One of the important things for me is that when I go back to the "real" world, all the qualities that made me employable are now proven through this trip: Time management, planning and scheduling, being adaptable, becoming customer-oriented, being a quick learner, not being afraid to take important decisions on the go, and so on... The biggest improvement is definitely to be able to stand calm facing people undermining me.
And as an engineer turned barmaid in the middle of farmers, you get that sometimes...
not as much as you would elsewhere, though, because Aussies are good people...

Coming from a backpacker, this may sound uncommon to talk about the After-Travel and how to use it in the workplace, that seems like defeating the whole purpose of freeing yourself from it for a year! Nevertheless, it is still important to me, whatever place I may end up in the future workworld.

My best friend recently told me that I reminded her of Julia Roberts in Eat Pray Love. The compliment went  obviously straight to my heart, but I still didn't want to read the book, as I didn't want to be influenced by others' experience, and I had the feeling that the search for spirituality in the book was completely different from my own search. 
I actually still don't know why I left. 
Because I was turning thirty and it was my last chance to go on a working holiday visa could be reason enough. 
Because I was turning thirty and I was in search of myself? or running away from my problems? or too scared to enter a new decade without a big plan?
I really can't say. 
Anyway, when I told my friend that Australia wasn't for me as spiritual a country as India could be, she told me that a country shouldn't be spiritual, you make it spiritual. And that is very true.
She should probably write this blog instead of me... 

I have yet to see Uluru, said to be the most spiritual place in Australia, but you can find spirituality in the beautiful western coast.
You can find spirituality in so open an horizon in Victoria.
It's actually in the Top 5 things I'm going to miss in Australia
1. TimTam
2. Ginger Beer
3. Garlic Bread
4. The warm sun
5. The open horizon

You can find spirituality by talking to people who live so differently from you.

Well, anyway, after that, I finally read Eat Pray Love. Or more precisely, I devoured in a day 2/3rd of it. I want to keep the Bali part for after I've myself done Bali. I'm very happy to have read it, and I'm also very happy I waited to read it. If I've read it when it came out, I might have been inspired by the author's own personal experience, and it would have ended in a not-so-genuine wanderlust. And I'm so glad I read it, because, like all good writers, she talks to me. I was both right and wrong, her search for spirituality took a completely different path than the one I'm in, but basically, it is the genuine search of self which we have in common.
I think everybody can enjoy reading that book, but I don't think everybody can relate. For instance, my friends that are happily married, having or expecting babies probably wouldn't connect with all she's been through. And that's good for them. As for me, she's had me hooked as soon as her 109th bead, that is to say her introduction.
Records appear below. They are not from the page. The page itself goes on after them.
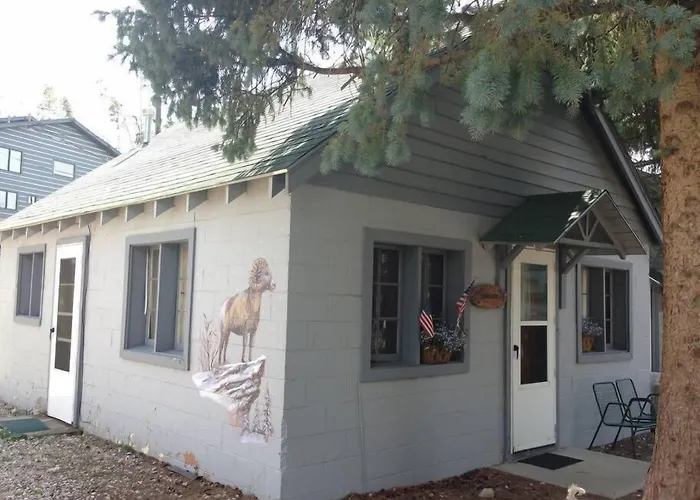 Lone Pine Cabins
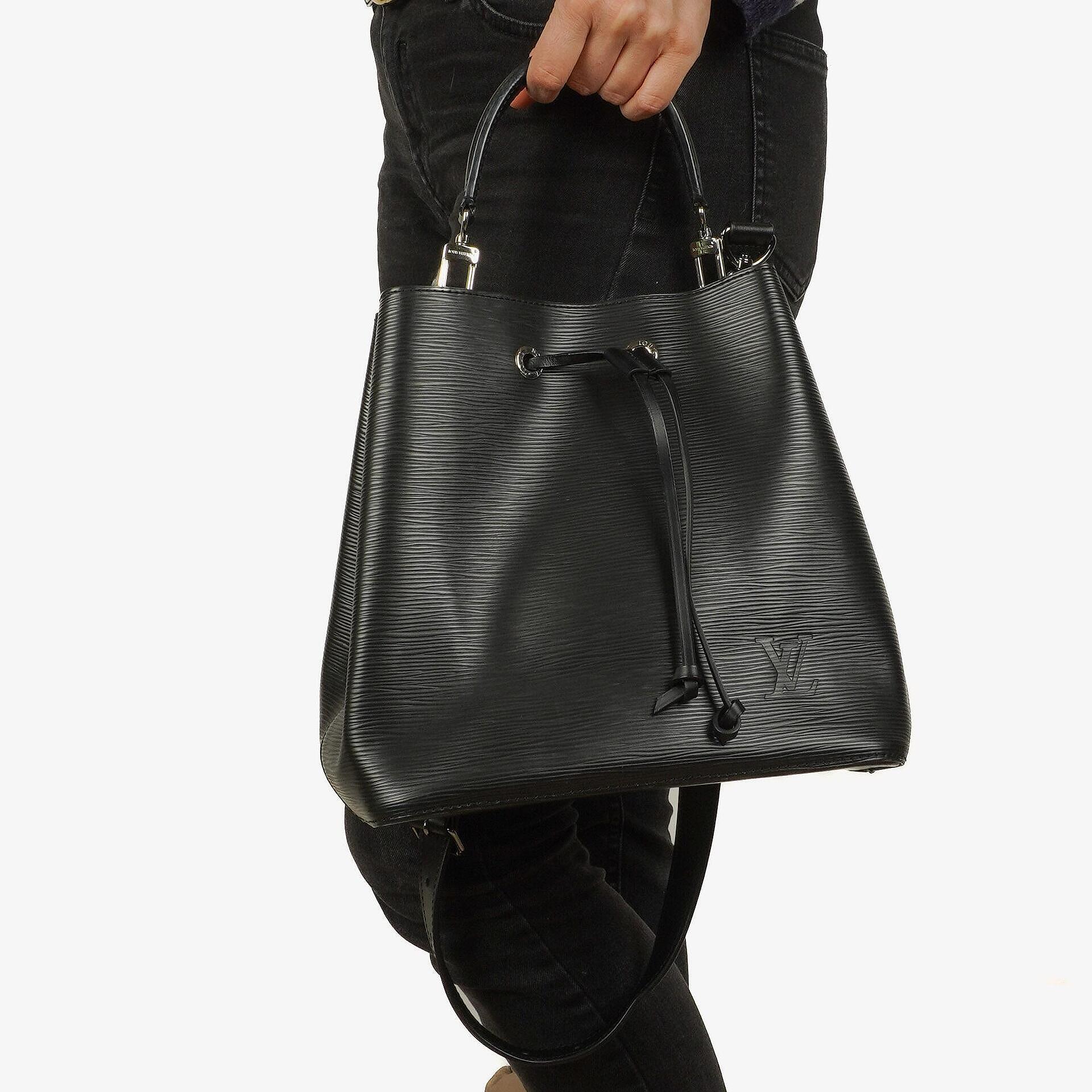 Louis Vuitton NéoNoé Bucket Tasche aus schwarzem Noir Epi Leder mit Kordelzug, 2020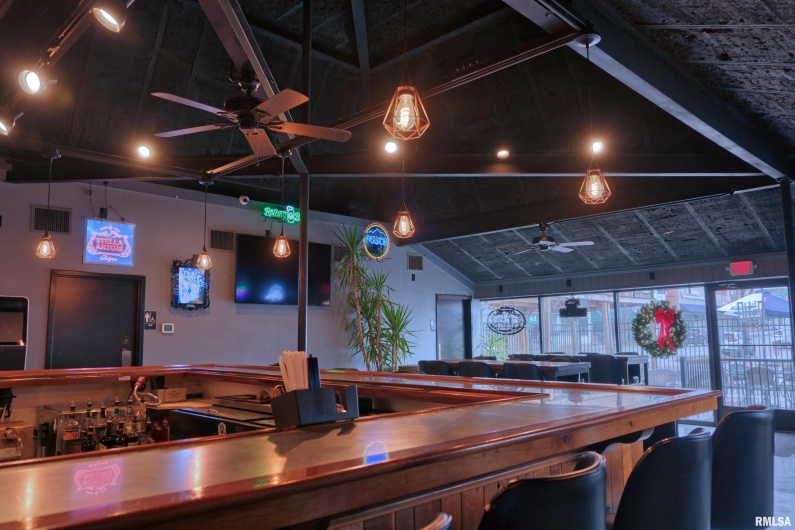 101 MONROE Street, Carbondale, Illinois 62901, 0 , 0 ,0,Commercial Sale,For Sale,MONROE,0,RMAEB460589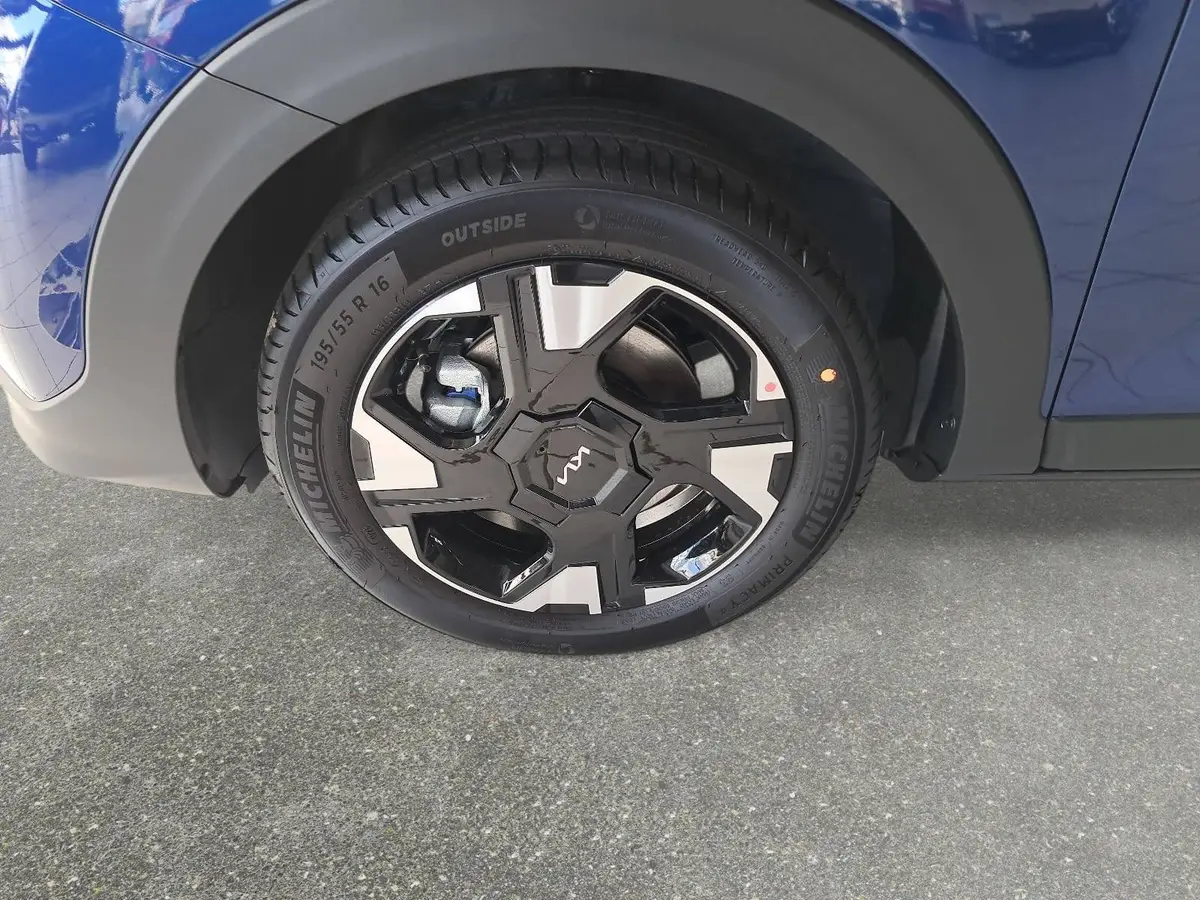 KIA STONIC 1.0 T-GDI 100 DCT VISION MJ26 SITZH. NAVI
I've laughed and cried with her, envied her sometimes and basically had a good - and unfortunately too short - reading time.

In the middle of that reading, a bittersweet moment happened: I had a Skype call with friends, and I realized how little had changed. Of course, babies are on the way, and I will have to adapt to that, but it was sweet and reassuring to see and hear them still being my friends, and not just parents or parents to be. It was bitter, though, to realize that I haven't changed a bit. I am still affected by their love and the way they look at me, and basically, what I dread at the beginning of the article, I didn't have a big epiphany on who I am and where I'm going.
Of course, it's only my vision of myself, and I still need my friends when I go back to tell me if I'm right or wrong.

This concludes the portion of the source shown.